Provided data –
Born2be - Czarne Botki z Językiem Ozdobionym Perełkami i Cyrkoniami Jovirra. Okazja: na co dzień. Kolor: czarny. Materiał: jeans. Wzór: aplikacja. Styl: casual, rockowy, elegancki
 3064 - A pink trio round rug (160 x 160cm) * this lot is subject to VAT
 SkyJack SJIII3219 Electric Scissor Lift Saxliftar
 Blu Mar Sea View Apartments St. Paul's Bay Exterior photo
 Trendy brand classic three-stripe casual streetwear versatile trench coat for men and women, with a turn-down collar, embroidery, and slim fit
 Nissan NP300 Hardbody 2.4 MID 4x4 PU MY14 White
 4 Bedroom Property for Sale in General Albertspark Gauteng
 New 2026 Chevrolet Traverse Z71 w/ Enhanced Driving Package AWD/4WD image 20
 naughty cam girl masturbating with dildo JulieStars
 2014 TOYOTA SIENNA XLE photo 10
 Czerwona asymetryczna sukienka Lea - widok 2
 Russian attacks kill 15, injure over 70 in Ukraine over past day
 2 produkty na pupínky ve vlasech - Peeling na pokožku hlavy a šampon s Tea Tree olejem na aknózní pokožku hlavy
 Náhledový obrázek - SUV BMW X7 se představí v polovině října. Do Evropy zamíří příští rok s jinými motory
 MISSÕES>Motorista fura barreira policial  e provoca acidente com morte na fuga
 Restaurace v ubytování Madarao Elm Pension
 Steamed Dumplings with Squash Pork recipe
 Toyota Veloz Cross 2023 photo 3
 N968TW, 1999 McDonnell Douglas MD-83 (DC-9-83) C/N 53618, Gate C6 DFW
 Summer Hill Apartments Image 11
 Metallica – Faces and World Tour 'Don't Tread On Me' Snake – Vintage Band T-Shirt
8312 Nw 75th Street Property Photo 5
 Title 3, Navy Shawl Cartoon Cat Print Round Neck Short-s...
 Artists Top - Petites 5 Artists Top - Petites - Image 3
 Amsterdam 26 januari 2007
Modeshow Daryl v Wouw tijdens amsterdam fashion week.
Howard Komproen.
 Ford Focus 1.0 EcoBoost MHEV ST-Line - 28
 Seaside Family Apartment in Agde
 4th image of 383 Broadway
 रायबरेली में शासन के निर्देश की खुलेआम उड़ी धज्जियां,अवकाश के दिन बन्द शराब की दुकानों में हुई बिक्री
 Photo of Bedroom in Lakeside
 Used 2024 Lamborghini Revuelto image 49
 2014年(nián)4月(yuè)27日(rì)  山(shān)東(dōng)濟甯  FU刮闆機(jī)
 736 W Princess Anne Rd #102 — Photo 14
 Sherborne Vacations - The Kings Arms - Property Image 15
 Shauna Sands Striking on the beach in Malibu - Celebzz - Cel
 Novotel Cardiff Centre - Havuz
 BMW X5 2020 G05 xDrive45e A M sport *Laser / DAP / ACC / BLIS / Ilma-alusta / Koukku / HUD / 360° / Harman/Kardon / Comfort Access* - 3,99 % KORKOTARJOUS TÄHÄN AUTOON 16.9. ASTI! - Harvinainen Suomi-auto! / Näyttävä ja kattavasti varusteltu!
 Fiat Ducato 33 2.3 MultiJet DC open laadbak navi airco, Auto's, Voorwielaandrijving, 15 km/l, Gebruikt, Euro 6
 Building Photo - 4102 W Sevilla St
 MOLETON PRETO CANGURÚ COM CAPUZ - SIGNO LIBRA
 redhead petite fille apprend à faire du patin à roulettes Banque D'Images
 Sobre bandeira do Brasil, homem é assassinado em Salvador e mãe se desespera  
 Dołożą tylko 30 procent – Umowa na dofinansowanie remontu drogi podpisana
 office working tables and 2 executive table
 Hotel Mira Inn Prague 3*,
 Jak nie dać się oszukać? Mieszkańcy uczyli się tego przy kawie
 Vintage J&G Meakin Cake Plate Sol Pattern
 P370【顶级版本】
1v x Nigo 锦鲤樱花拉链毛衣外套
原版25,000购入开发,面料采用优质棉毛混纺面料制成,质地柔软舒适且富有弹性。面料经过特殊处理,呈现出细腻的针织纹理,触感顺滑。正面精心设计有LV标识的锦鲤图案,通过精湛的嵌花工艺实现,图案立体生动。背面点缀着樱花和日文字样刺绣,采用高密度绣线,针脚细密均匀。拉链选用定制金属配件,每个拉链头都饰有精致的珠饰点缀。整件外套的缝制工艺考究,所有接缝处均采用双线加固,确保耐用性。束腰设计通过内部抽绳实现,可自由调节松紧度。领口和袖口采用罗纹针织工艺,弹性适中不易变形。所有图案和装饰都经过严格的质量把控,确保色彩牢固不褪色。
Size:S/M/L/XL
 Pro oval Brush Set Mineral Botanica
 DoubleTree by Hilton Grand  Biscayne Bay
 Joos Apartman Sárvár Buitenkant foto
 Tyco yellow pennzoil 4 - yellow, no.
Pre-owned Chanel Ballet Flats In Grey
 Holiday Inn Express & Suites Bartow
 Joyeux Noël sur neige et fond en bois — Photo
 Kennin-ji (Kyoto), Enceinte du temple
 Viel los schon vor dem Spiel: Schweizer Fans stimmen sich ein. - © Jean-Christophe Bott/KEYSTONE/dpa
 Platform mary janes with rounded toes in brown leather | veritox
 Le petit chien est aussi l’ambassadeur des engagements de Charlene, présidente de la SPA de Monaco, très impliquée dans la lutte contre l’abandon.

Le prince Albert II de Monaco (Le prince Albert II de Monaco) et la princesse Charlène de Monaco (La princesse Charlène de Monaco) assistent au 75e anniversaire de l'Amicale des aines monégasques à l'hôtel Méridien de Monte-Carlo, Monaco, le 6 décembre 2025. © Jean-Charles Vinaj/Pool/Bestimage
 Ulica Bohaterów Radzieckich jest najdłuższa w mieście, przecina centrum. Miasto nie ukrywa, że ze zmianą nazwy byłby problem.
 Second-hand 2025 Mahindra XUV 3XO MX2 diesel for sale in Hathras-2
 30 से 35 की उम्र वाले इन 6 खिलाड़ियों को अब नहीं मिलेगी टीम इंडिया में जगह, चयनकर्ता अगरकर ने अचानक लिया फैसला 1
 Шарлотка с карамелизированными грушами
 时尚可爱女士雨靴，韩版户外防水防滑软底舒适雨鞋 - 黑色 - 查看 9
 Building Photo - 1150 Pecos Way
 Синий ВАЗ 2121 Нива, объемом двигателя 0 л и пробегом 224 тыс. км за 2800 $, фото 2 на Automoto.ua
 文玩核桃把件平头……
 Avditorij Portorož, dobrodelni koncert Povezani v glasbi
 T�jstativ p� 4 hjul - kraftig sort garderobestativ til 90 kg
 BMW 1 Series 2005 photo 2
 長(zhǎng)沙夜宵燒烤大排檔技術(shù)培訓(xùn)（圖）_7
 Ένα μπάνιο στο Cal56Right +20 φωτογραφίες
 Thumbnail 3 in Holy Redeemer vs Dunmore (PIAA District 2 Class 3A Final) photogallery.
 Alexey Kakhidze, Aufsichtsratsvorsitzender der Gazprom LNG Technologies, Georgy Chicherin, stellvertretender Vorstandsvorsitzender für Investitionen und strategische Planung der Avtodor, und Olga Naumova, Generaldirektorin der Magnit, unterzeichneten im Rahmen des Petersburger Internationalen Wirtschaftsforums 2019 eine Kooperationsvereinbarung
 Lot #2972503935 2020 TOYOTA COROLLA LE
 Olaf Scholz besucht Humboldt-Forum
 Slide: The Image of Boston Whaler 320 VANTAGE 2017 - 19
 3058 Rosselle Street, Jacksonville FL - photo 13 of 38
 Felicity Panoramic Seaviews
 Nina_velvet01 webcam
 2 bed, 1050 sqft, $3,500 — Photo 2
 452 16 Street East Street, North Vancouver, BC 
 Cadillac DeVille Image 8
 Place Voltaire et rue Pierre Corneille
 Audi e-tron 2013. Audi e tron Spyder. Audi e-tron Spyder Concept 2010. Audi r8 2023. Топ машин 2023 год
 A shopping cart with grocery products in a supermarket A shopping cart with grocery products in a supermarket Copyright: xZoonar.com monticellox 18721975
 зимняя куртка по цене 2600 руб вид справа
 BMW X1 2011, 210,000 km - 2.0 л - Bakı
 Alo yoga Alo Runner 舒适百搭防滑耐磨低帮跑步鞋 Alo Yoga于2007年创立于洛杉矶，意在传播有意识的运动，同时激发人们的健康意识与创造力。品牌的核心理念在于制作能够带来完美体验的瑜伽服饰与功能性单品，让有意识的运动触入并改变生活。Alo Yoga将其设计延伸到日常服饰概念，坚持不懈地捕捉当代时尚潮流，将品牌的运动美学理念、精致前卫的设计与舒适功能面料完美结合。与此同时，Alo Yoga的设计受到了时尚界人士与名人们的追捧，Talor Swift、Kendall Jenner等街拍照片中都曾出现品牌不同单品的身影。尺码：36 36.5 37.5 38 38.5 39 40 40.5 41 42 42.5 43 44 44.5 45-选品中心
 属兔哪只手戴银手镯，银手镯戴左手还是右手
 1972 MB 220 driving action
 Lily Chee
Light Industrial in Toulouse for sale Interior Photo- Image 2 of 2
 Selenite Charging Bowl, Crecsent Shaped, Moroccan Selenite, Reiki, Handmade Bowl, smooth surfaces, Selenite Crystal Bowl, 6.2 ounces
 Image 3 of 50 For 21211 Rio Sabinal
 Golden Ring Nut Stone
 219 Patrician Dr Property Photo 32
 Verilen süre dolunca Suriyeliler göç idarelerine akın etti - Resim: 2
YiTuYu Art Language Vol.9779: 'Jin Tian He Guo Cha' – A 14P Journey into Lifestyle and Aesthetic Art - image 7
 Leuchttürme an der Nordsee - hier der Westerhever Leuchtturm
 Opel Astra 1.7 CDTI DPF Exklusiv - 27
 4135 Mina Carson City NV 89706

The problem – Using the data above, print exactly the lines from the line that contains "8312 Nw 75th Street Property Photo 5" through the line that contains "Joyeux Noël sur", with both included.

Written answer –
8312 Nw 75th Street Property Photo 5
 Title 3, Navy Shawl Cartoon Cat Print Round Neck Short-s...
 Artists Top - Petites 5 Artists Top - Petites - Image 3
 Amsterdam 26 januari 2007
Modeshow Daryl v Wouw tijdens amsterdam fashion week.
Howard Komproen.
 Ford Focus 1.0 EcoBoost MHEV ST-Line - 28
 Seaside Family Apartment in Agde
 4th image of 383 Broadway
 रायबरेली में शासन के निर्देश की खुलेआम उड़ी धज्जियां,अवकाश के दिन बन्द शराब की दुकानों में हुई बिक्री
 Photo of Bedroom in Lakeside
 Used 2024 Lamborghini Revuelto image 49
 2014年(nián)4月(yuè)27日(rì)  山(shān)東(dōng)濟甯  FU刮闆機(jī)
 736 W Princess Anne Rd #102 — Photo 14
 Sherborne Vacations - The Kings Arms - Property Image 15
 Shauna Sands Striking on the beach in Malibu - Celebzz - Cel
 Novotel Cardiff Centre - Havuz
 BMW X5 2020 G05 xDrive45e A M sport *Laser / DAP / ACC / BLIS / Ilma-alusta / Koukku / HUD / 360° / Harman/Kardon / Comfort Access* - 3,99 % KORKOTARJOUS TÄHÄN AUTOON 16.9. ASTI! - Harvinainen Suomi-auto! / Näyttävä ja kattavasti varusteltu!
 Fiat Ducato 33 2.3 MultiJet DC open laadbak navi airco, Auto's, Voorwielaandrijving, 15 km/l, Gebruikt, Euro 6
 Building Photo - 4102 W Sevilla St
 MOLETON PRETO CANGURÚ COM CAPUZ - SIGNO LIBRA
 redhead petite fille apprend à faire du patin à roulettes Banque D'Images
 Sobre bandeira do Brasil, homem é assassinado em Salvador e mãe se desespera  
 Dołożą tylko 30 procent – Umowa na dofinansowanie remontu drogi podpisana
 office working tables and 2 executive table
 Hotel Mira Inn Prague 3*,
 Jak nie dać się oszukać? Mieszkańcy uczyli się tego przy kawie
 Vintage J&G Meakin Cake Plate Sol Pattern
 P370【顶级版本】
1v x Nigo 锦鲤樱花拉链毛衣外套
原版25,000购入开发,面料采用优质棉毛混纺面料制成,质地柔软舒适且富有弹性。面料经过特殊处理,呈现出细腻的针织纹理,触感顺滑。正面精心设计有LV标识的锦鲤图案,通过精湛的嵌花工艺实现,图案立体生动。背面点缀着樱花和日文字样刺绣,采用高密度绣线,针脚细密均匀。拉链选用定制金属配件,每个拉链头都饰有精致的珠饰点缀。整件外套的缝制工艺考究,所有接缝处均采用双线加固,确保耐用性。束腰设计通过内部抽绳实现,可自由调节松紧度。领口和袖口采用罗纹针织工艺,弹性适中不易变形。所有图案和装饰都经过严格的质量把控,确保色彩牢固不褪色。
Size:S/M/L/XL
 Pro oval Brush Set Mineral Botanica
 DoubleTree by Hilton Grand  Biscayne Bay
 Joos Apartman Sárvár Buitenkant foto
 Tyco yellow pennzoil 4 - yellow, no.
Pre-owned Chanel Ballet Flats In Grey
 Holiday Inn Express & Suites Bartow
 Joyeux Noël sur neige et fond en bois — Photo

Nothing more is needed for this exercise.